# [Exercise brief]
Transcribe every entry word for word, but skip the images.

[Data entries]
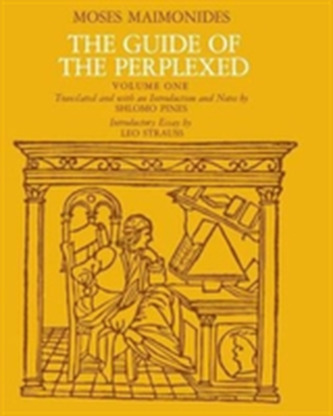 The Guide of the Perplexed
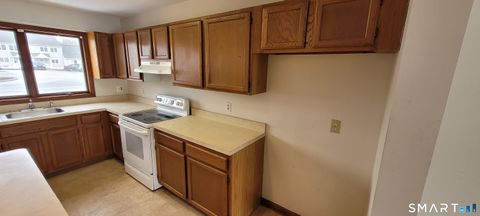 Tiny photo for 482 Lake Avenue #6, Bristol, CT 06010 (MLS # 24155337)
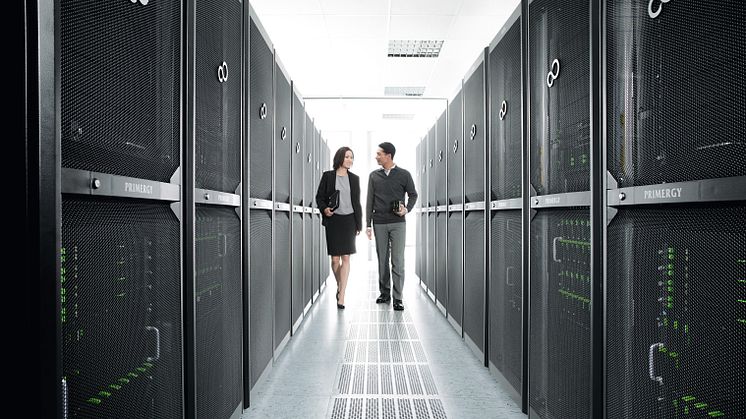 Fujitsu förbereder företag inför EU:s nya dataskyddsförordning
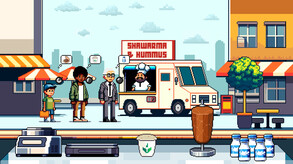 Gameplay Trailer
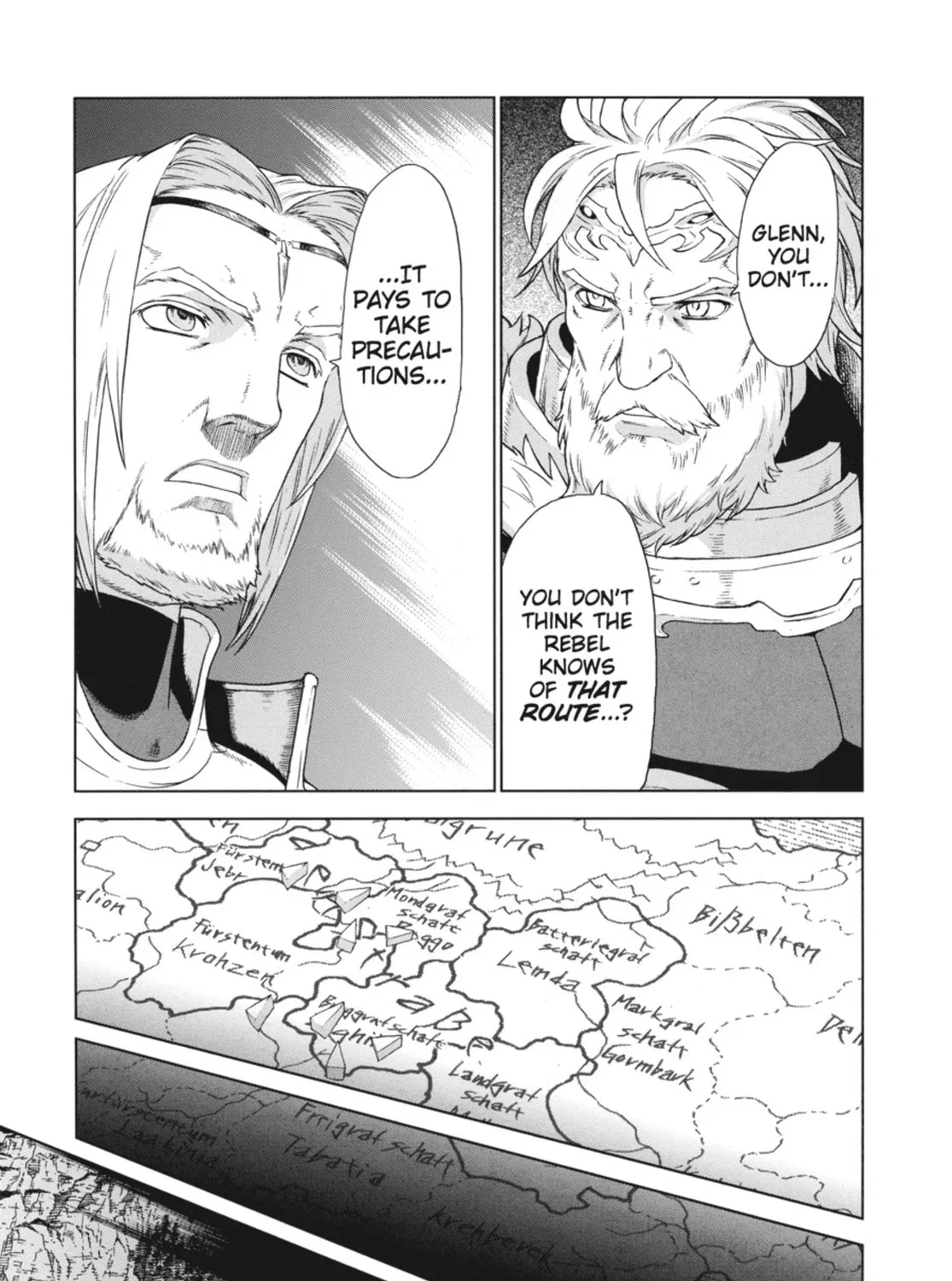 Read Ubel Blatt chapter 71 image 24 on Lezhin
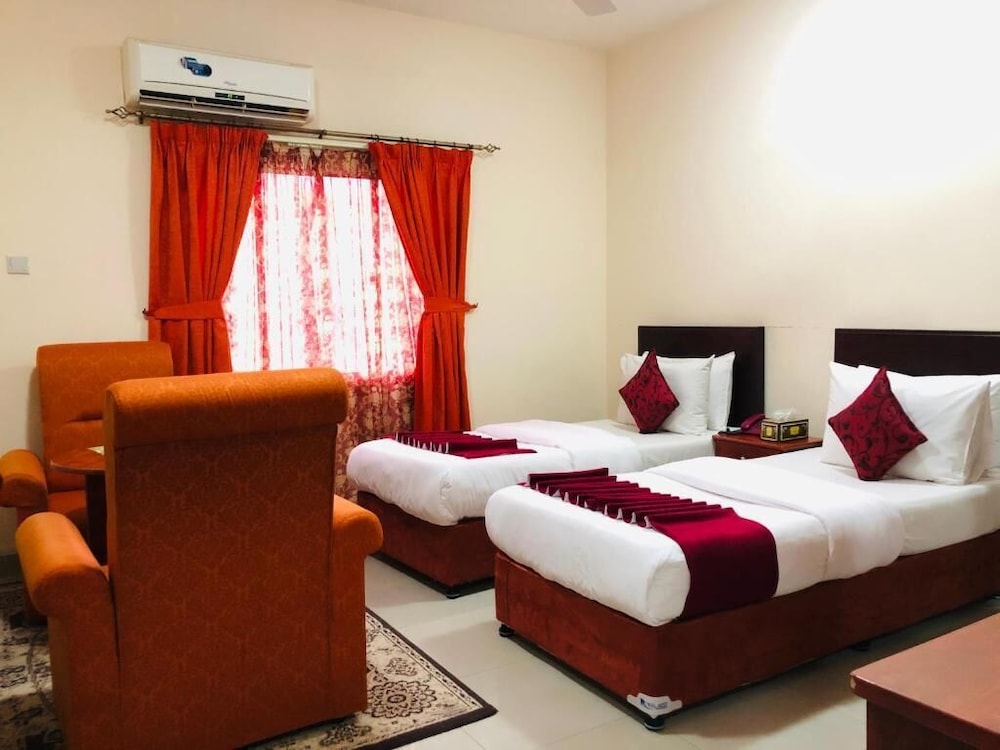 Al Nakheel Hotel Apartments 5/19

# [Output]
 The Guide of the Perplexed
 Tiny photo for 482 Lake Avenue #6, Bristol, CT 06010 (MLS # 24155337)
 Fujitsu förbereder företag inför EU:s nya dataskyddsförordning
 Gameplay Trailer
 Read Ubel Blatt chapter 71 image 24 on Lezhin
 Al Nakheel Hotel Apartments 5/19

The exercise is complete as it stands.